Immunity developed in response to vaccinations and natural infections brings this reproductive number down. But more contagious variants and increased social interaction bring the number up. So it’s hard to know exactly when the virus will stop spreading – especially if we’re not catching every case through testing or are failing to track variants through genomic surveillance.
“It’s almost, in a way, like economists trying to determine whether we’re in a recession,” Subramanian said. “Usually you find out that you’re officially in a recession long after.”
Dr. Anthony Fauci, the director of the National Institute of Allergy and Infectious Diseases, has suggested that 70 percent to 85 percent of the US population would need to be vaccinated to reach herd immunity.
Subramanian agrees. That range, he said, accounts for lingering questions about how many people have been infected already and how long immunity after infection lasts (the best guess so far is at least eight months).
Many people who previously got sick have also gotten vaccinated, which makes the vaccination rate a more reliable indicator.
“You can vaccinate 50 percent of the population, but if it’s the wrong 50 percent – the 50 percent who are at the lowest risk of getting COVID to start with – then it doesn’t mean that you magically then cross a threshold,” Dowdy said.
“The key is to get those numbers high enough so that even in the populations that are at highest risk of getting infection, you’re having enough vaccination to make a difference.”
The final hurdle: vaccine hesitancy
If the US continues vaccinating people at the current rate – about 2.3 million doses a day – then at least 70 percent of the population will have received at least one dose within the next five weeks. But a quarter of US adults in a recent CNN poll said they wouldn’t seek out a shot.
Another way to push the US closer toward herd immunity, Subramanian said, is authorizing vaccines for children.
“The probability of seeing another wave like what we did in December is pretty low now that we have over 40 percent of the population with at least one vaccine dose,” Dowdy said.
“We do still need to maintain some level of vigilance,” he added, “because if the virus has taught us one thing, it’s that it’s difficult to predict the future.”
The coronavirus could follow the path of either measles or seasonal flu
In an ideal world, Subramanian said, the coronavirus would come to resemble measles: a virus that lingers at low levels in the population but requires only two vaccine doses in childhood.

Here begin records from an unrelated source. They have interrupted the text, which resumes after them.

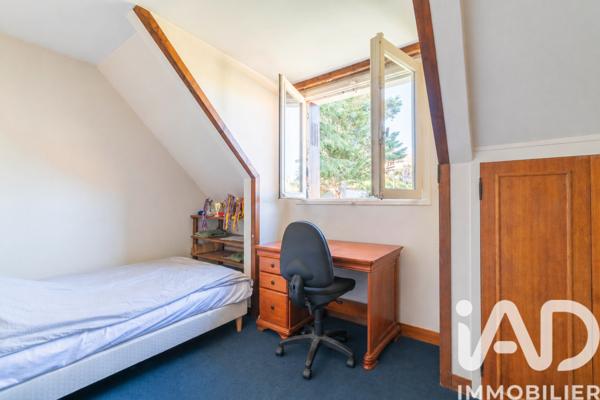Maison à vendre 15 pièces 357 m² Mantes-la-Ville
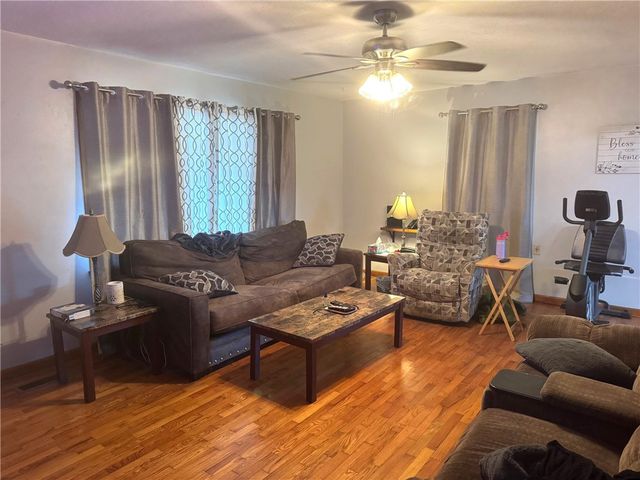 308 E Cleveland Street, Prairie Grove, AR 72753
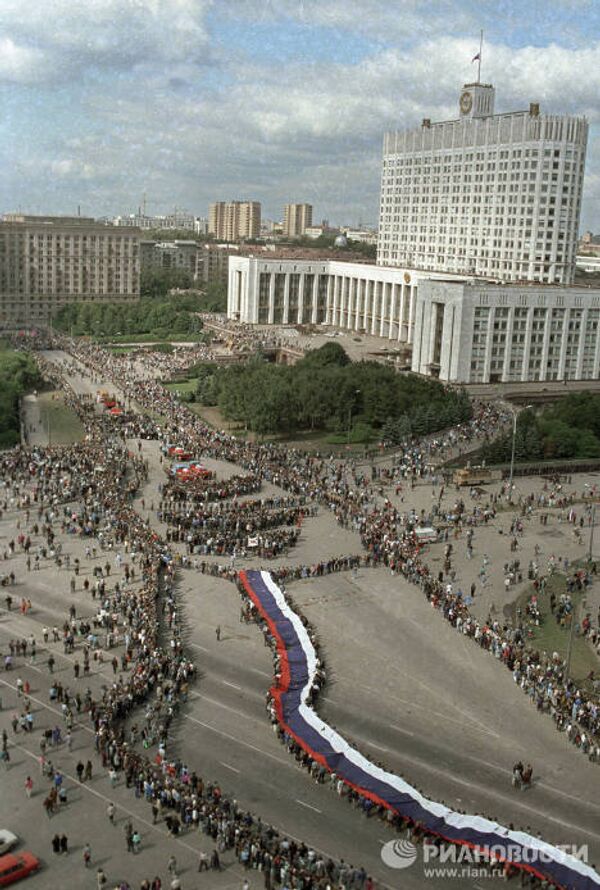 Похоронная процессия с гигантским Российским флагом проходит мимо Дома Совета Министров РСФСР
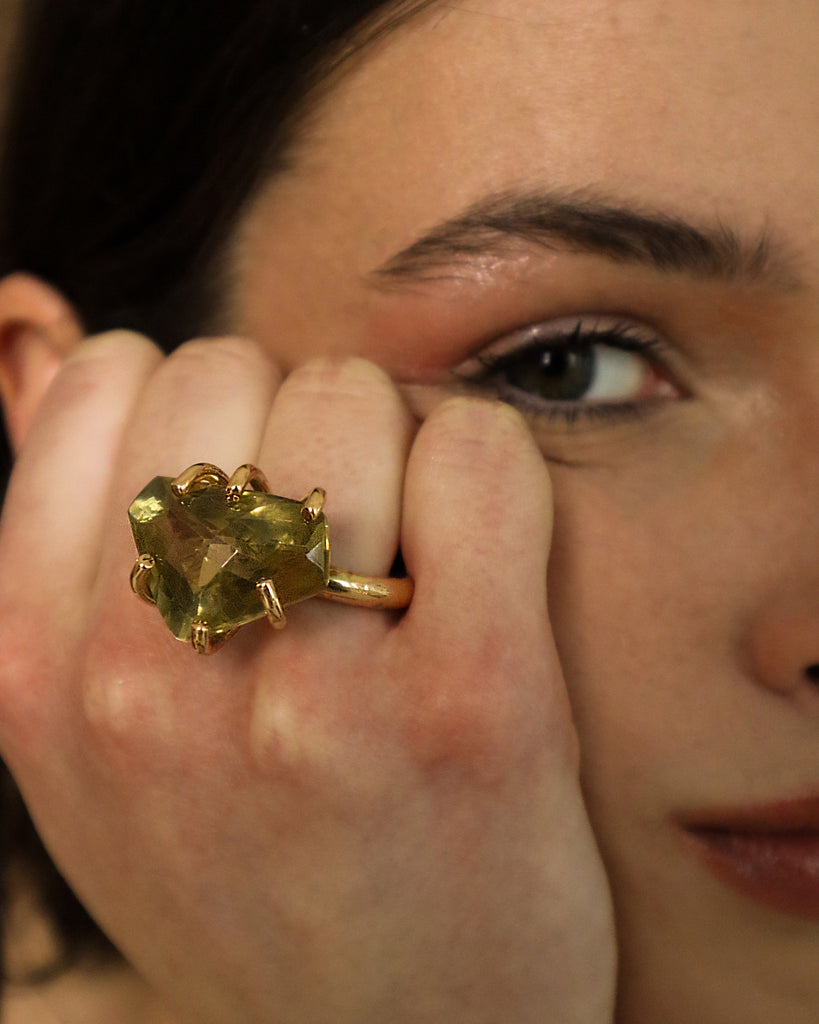 Lemon Quartz Brut Ring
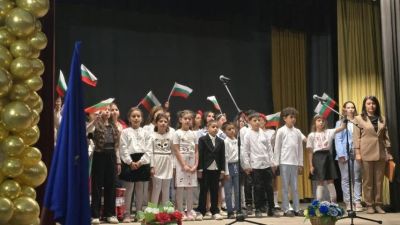 135 години просветителски дух и традиции / Новини от Казанлък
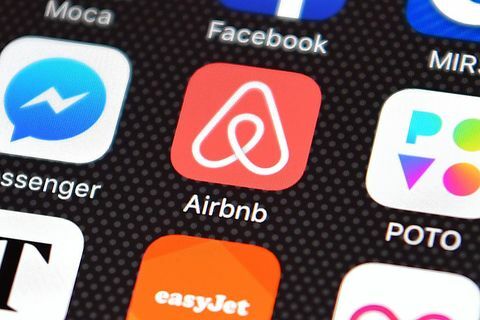 Aplikace Airbnb na mobilním telefonu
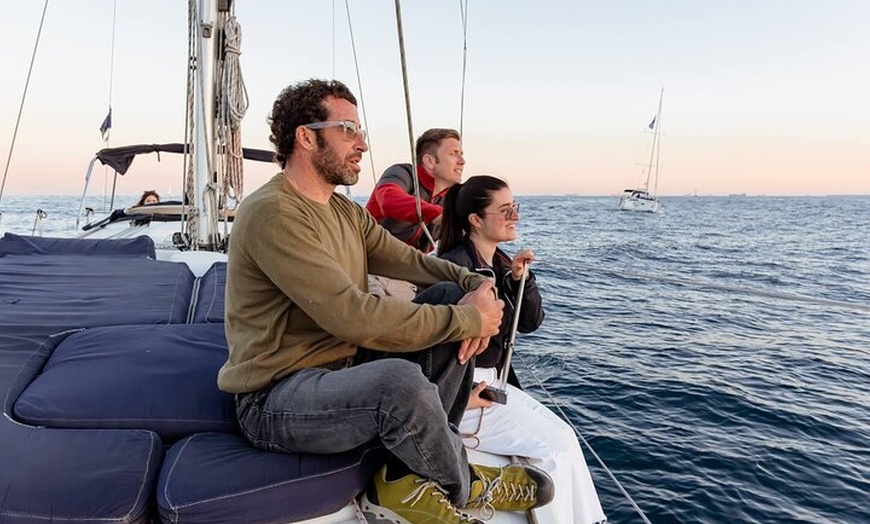 Image 8: Atardecer en velero con cava a bordo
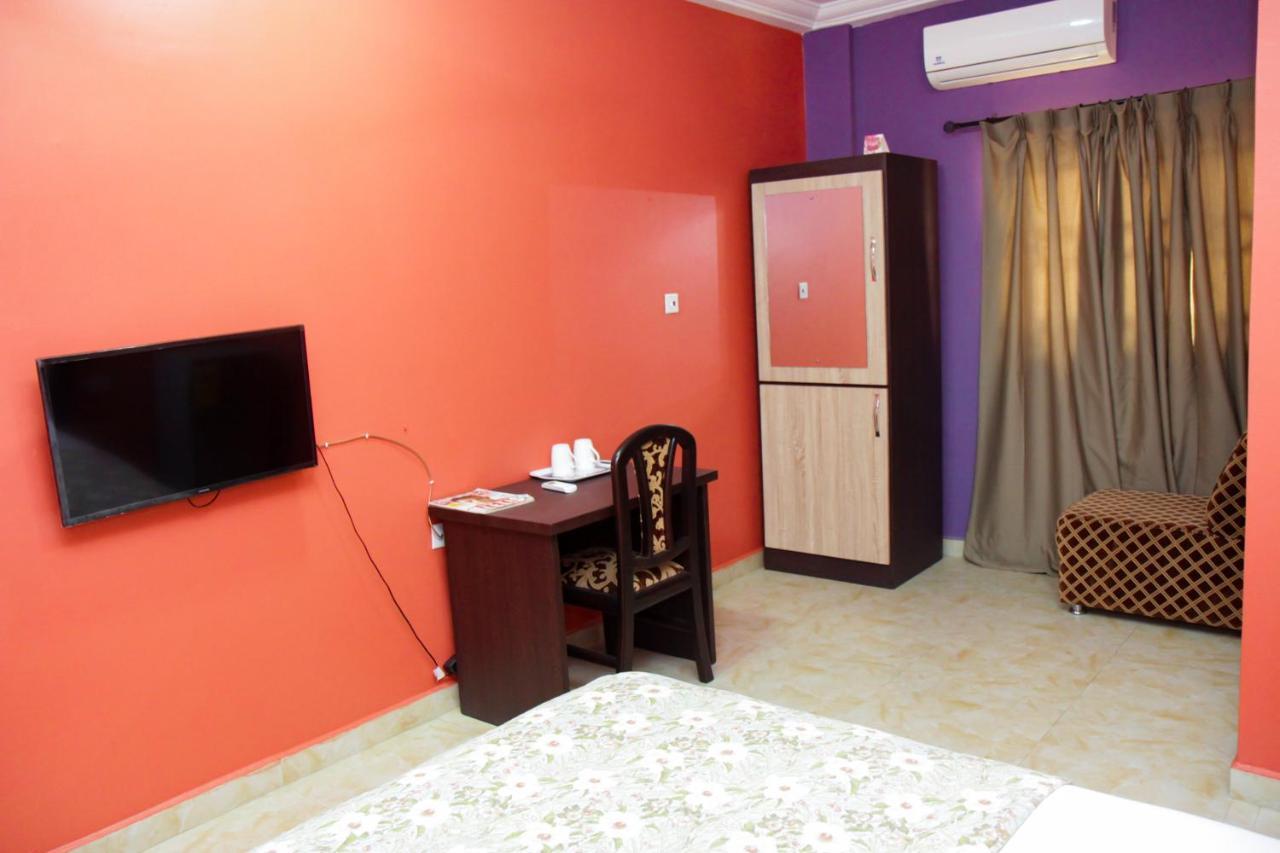 Hilton View Hotel Ogbodjo Esterno foto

Before the US approved a measles vaccine in 1968, about 3 million to 4 million people in the country got measles every year. By 2000, measles had been practically eliminated, with the exception of sporadic outbreaks among the unvaccinated.
“It’s not like we’ve eradicated measles,” Subramanian said. “It’s still there in other countries, but in the US we have herd immunity against it by vaccination.”
But a likelier scenario, he said, is that the coronavirus would be a yearly threat like seasonal influenza: a constantly mutating virus that makes herd immunity difficult to maintain.
“The question of whether we have herd immunity to flu, it’s always changing, because we might have good immunity when you’re vaccinating one season, then as soon as the virus changes, we need to vaccinate again,” Subramanian said.
Dowdy said he also expected sporadic coronavirus booster shots to be necessary – though perhaps not annually.
“I think we will see this as an endemic infection,” he said, “and I think we will, at some point, need to update and provide booster shots.”